O Sr. Silva suspirou, mas logo voltou a falar, irritado:
- E que história é essa de dar a entrada em um novo fígado?
- Mas, Silva, você sabe que vai precisar de um fígado… os seus exames, o médico já disse, essa sua cirrose, essa coisa de tomar cerveja, misturada com aquela falha no processo de seleção cromossômica quando você foi concebido…

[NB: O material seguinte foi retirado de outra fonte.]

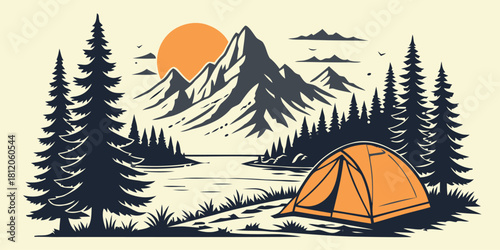 Camping by the Lake: A tranquil camping scene unfolds at sunset, featuring a tent nestled beside a serene lake and surrounded by majestic mountains. The sun paints the sky with warm hues.
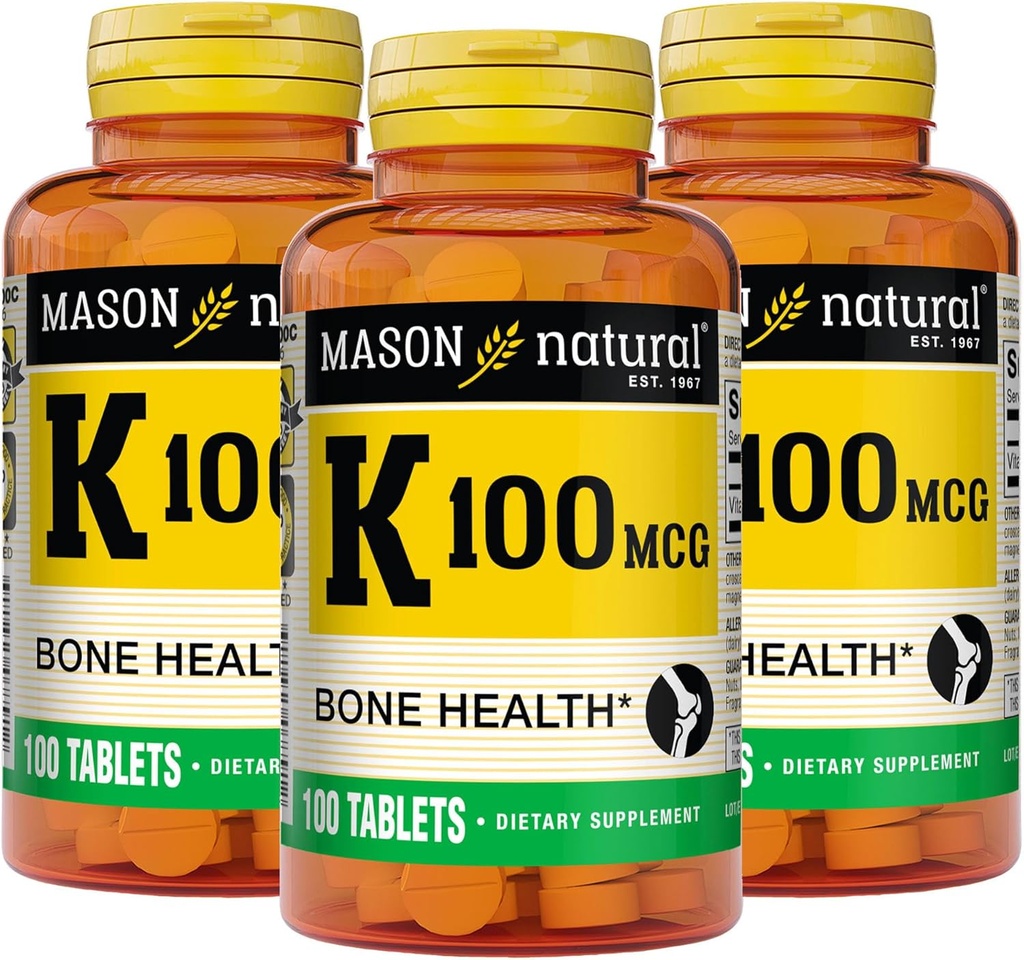 MASON NATURAL vitamina K 100 mcg, suport a Bone i Salut conjunta, ajuda Calci A absorció, 100 taules, paquet de 3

E de fato, dava perceber que, além de vermelho de raiva, Silva estava meio amarelado.
- Mas, mulher, você sabe quanto está custando clonar células-tronco? O seguro não cobre, isso é só para os ricaços!
- Mas você olhou bem o preço? Eu não estava pensando em células-tronco… Uma webamiga me disse que, bem…
- O quê? Não me diga que você andou conversando com uma fazenda de clonagem? Eu é que não quero um fígado de porco!!
- Não era bem em porcos que eu estava pensando, querido. Eu sei como todo o tratamento imunológico custa muito caro.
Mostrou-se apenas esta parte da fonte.